Sunday, March 14, 2010

Radically Welcome

When I read the question guiding today's service – "What would happen if our Society closed its doors and ceased its ministries tomorrow?" – I stopped breathing.

"I've only just found you all," I thought. "I've been looking for so long, and I only just found you." The idea of this place ceasing to exist sent my heart into a panic.

Before coming here, I'd made a kind of resigned peace with being a solo practitioner in my spiritual life. Just to be clear, there's a lot of value in it. I got the chance to explore what I really believe and what works for me. There were none of the squabbles or power plays that crop up in human institutions. Plus, I could set up the altar any way I like, and scheduling was a breeze. But I found it hard to sustain a regular practice without more structure to support me.

It feels akin to the difference between being single and being in a relationship. There are critical things I learned about myself while I was single, and probably because I was single: a sense of my inherent self-worth, satisfaction with my own company, how to resolve conflicts, a trust in my ability to live independently.
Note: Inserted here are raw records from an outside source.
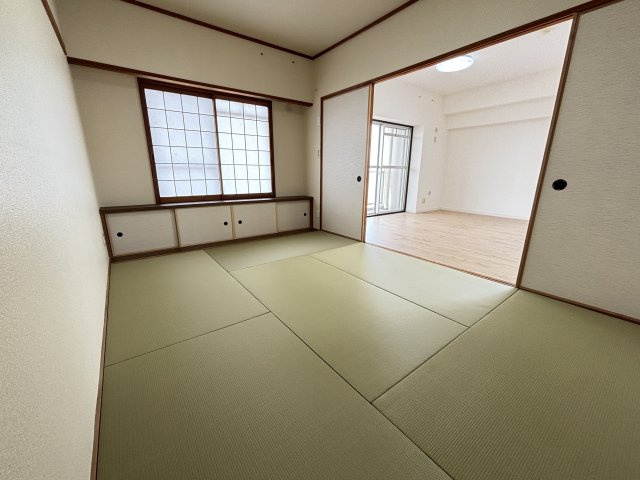 アバンドーネ西神春日台1号棟の和室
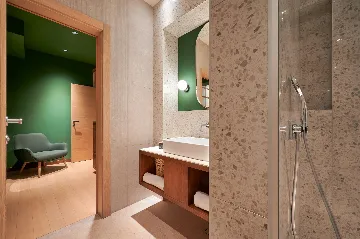 Contemporary Seaside Villa with Pool, Hvar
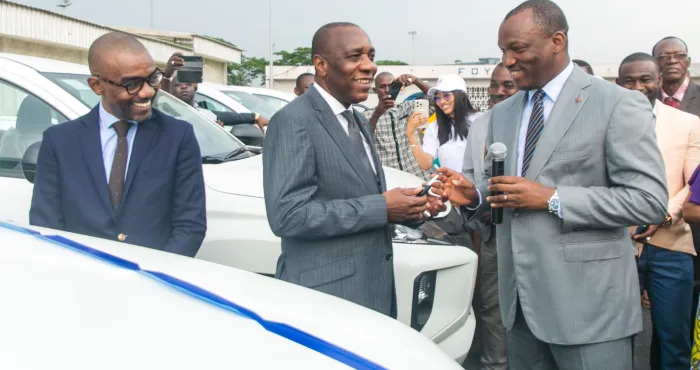 mise-en-oeuvre-des-projets-de-formation-professionnelle-des-jeunes-mamadou-toure-remet-46-vehicules-aux-directeurs-regionaux-et-departementaux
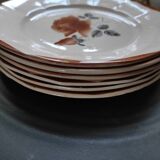 Lot of 6 flat digoin plates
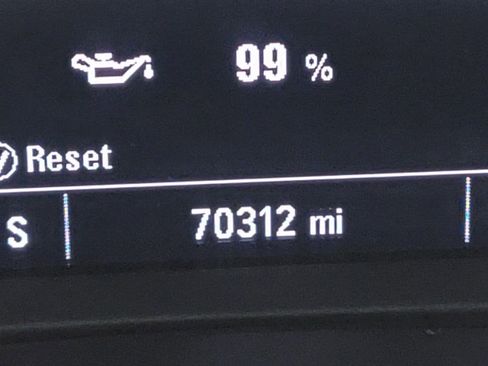 Used 2022 Chevrolet Malibu LT image 17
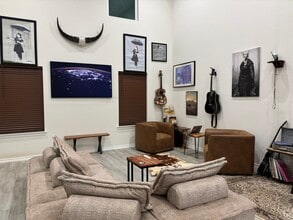 2463 Mohawk Bnd, Unit 1 Red in Willis, TX - Building Photo - Building Photo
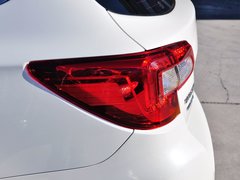2015款 2.5i 经典版 5座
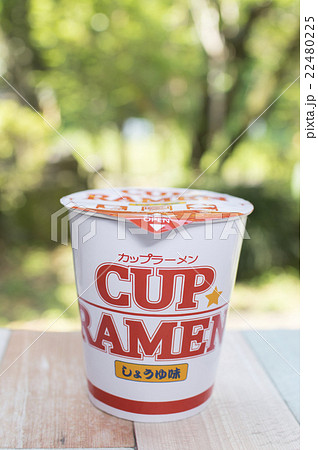 カップラーメン 22480225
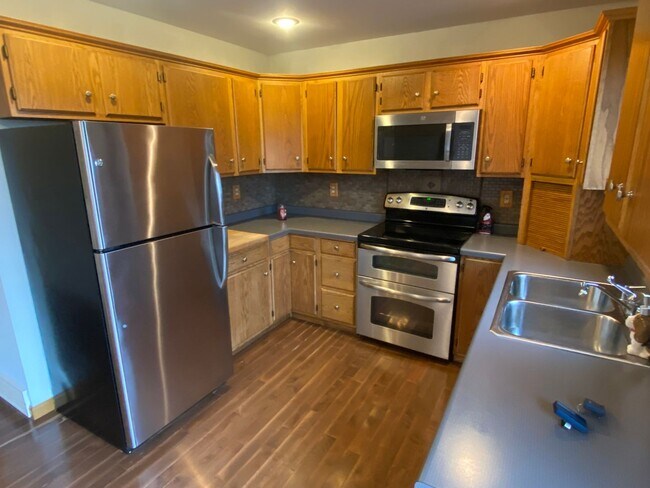 Foto del edificio - 3-Bedroom, 3-Full Bath Single Family Home with Amazing City Views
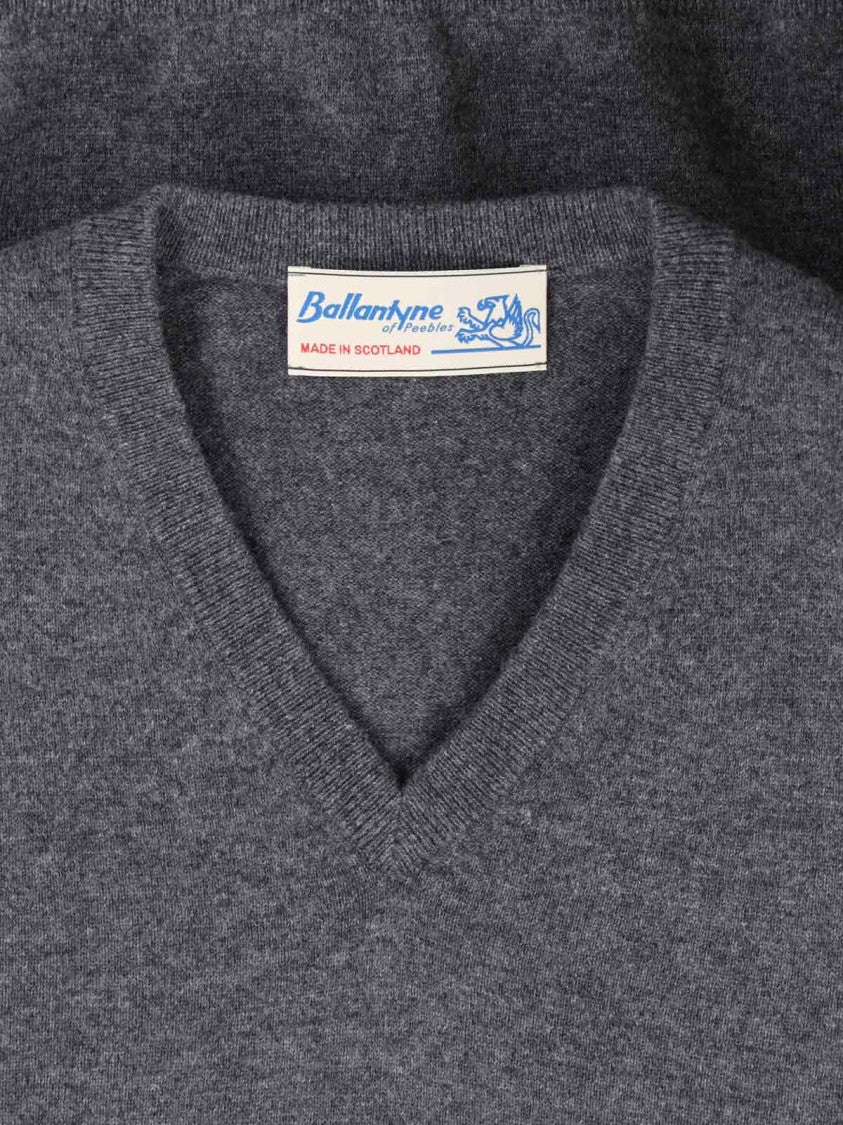 Ballantyne Grey Cashmere V-Neck Sweater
Before I met Emily, I'd come to a place where I was looking for a partner, but I was also content on my own.

And then I did meet Emily, and found myself stretched and challenged in a whole new set of ways. Our relationship has opened different doors into the world for me. It's helped me heal old wounds, and shown me parts of myself – both good and bad – that I wouldn't have found otherwise. Sure, being single meant there were fewer disputes about whose turn it was to walk the dog or who left food on the counter, but there was also a whole lot less love.

As in any relationship, I believe our challenge as Unitarian Universalists worshiping together, caring for each other, and together creating a more just world is to find a way to operate from that place of love even when there's conflict, and especially when we're trying to reconcile different visions for this church.
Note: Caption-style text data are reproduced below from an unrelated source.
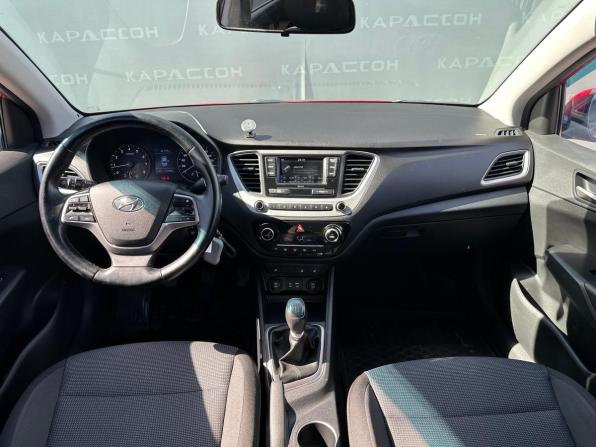 Hyundai Solaris I Рестайлинг с пробегом 2017 года, цена 1 090 000 рублей, 110286 км, седан, Автокод Объявления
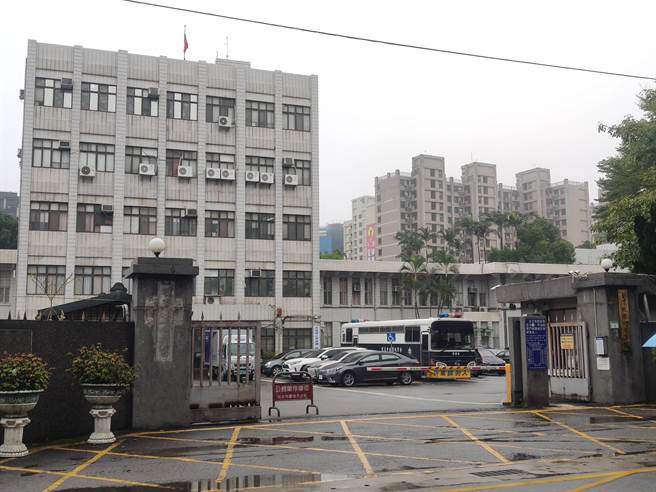 曾有「桃五线之虎」之称的王姓男子2017年假释，今年3月在桃园酒驾被逮。桃院二审认为，他假释后多次参与公益活动，若给予判刑，将取消假释，给予免刑。（赖佑维摄）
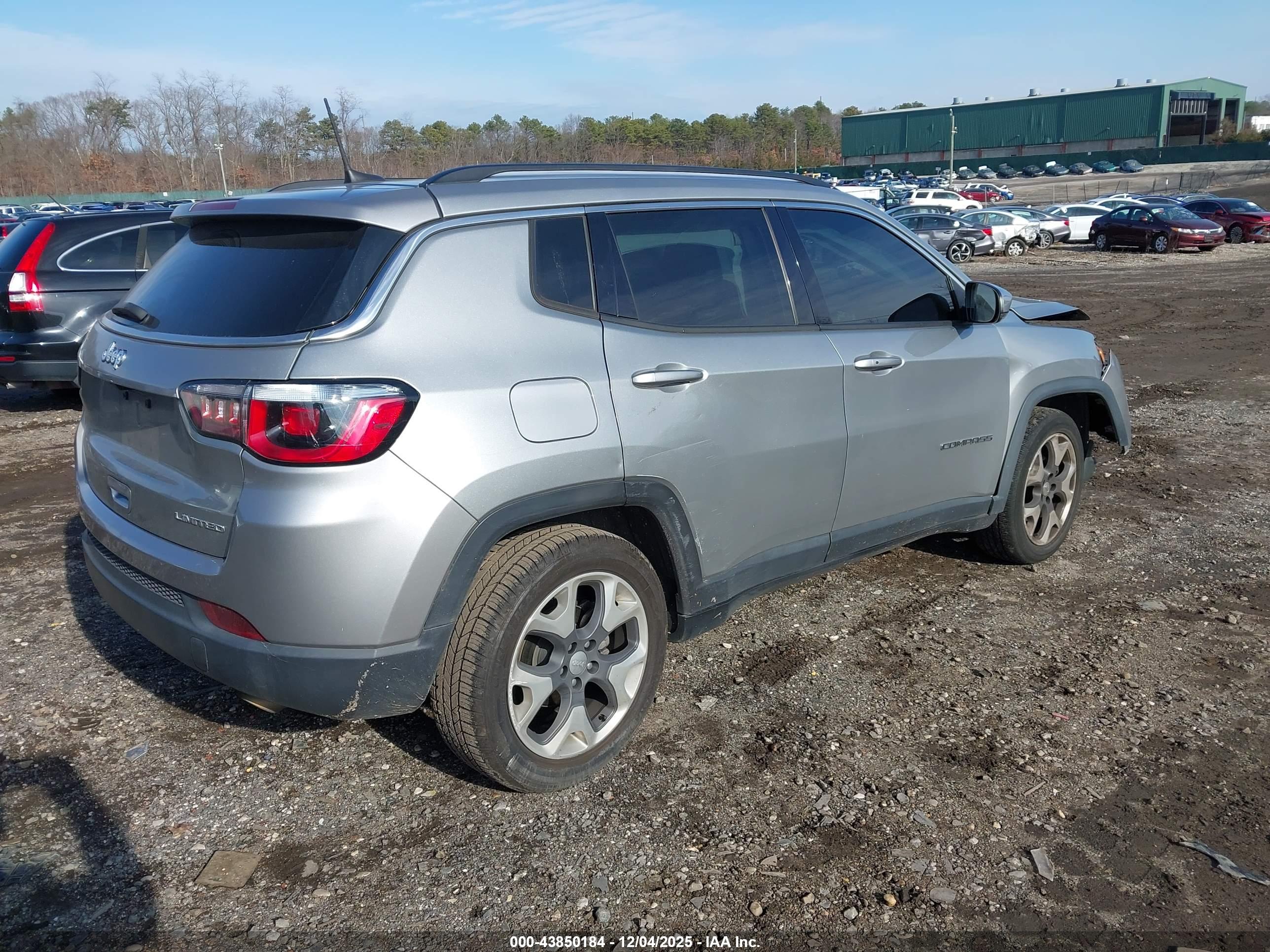 JEEP COMPASS image 4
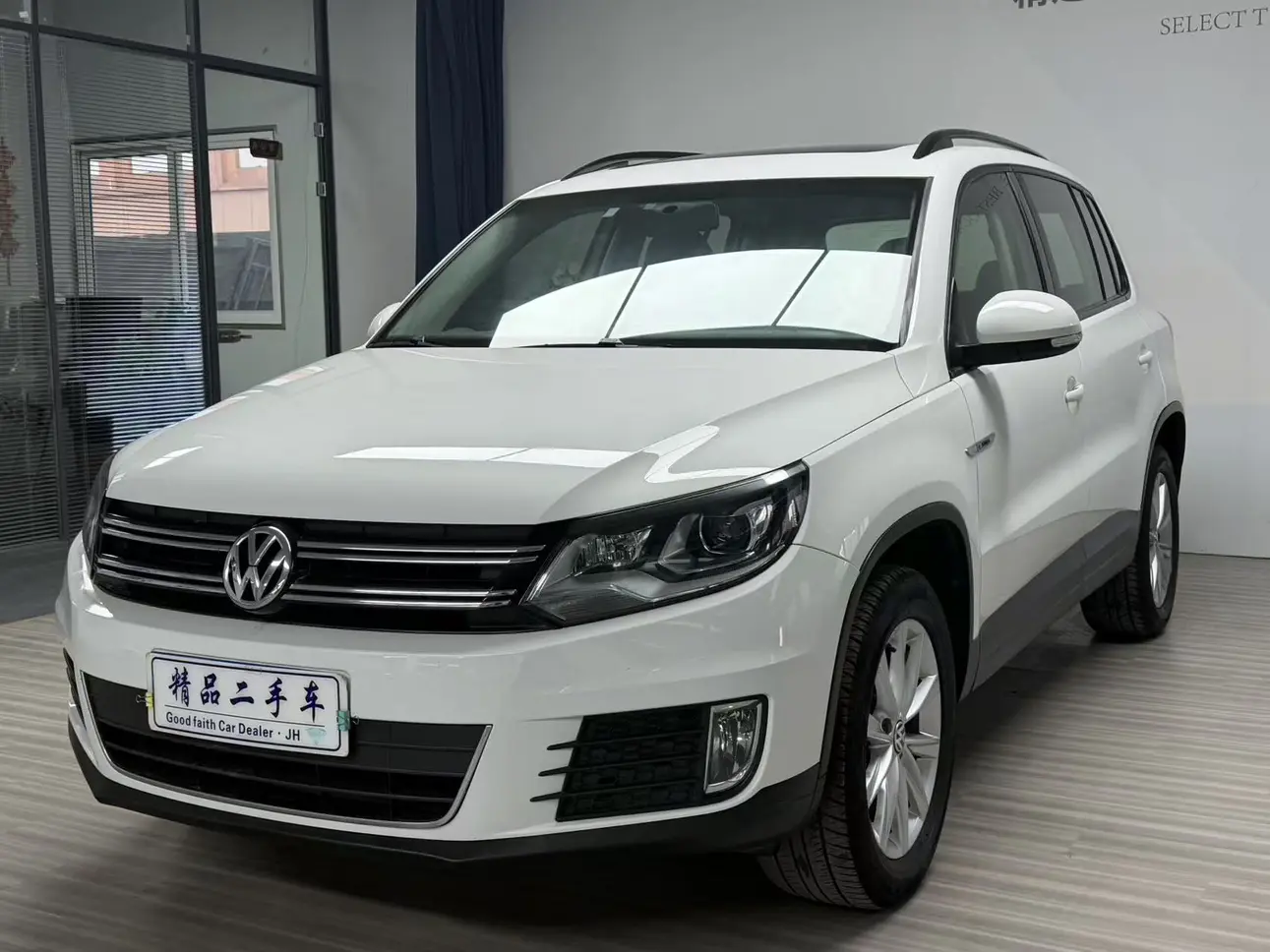 Volkswagen Tiguan  из Китая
For example, my favorite homilies of [Senior Minister] Greg [Stewart]'s – and I've already told him this, so it's no secret – are the ones in which his natural warmth and caring presence come through. Where I have an emotional stake in his stories and insights, not just an intellectual one. Perhaps for some of you, though, those are the services you wish you'd stayed home for. Yet each of us deserves to be here – in fact, each of us is needed as an integral part of our spiritual community.

For me, the purpose of this church comes down to one simple thing: I want to be here, and I want you here, too, whoever you are. Because in the places where our beliefs overlap as well as the areas of meaningful disagreement – even in the squabbles – I learn something about myself. And because now that I've found a spiritual home, I want to throw open the doors as wide as possible so that everyone – everyone – feels radically, lovingly, unconditionally welcome.

We may not always succeed in reaching this ideal. Sometimes, we may not even want to try. But I had to wait even longer to find this place than I did to find the love of my life. I can't imagine a greater way to show my gratitude than to keep myself pointed towards that radical welcome and to keep my heart open to share and absorb as much love as I can.

Let's answer Greg's challenge from last week. Let's be the church together. In doing so, I think we'll take each other's breath away.


I wrote and delivered this piece as the Credo for the March 14, 2010, service at the First Unitarian Universalist Society of San Francisco.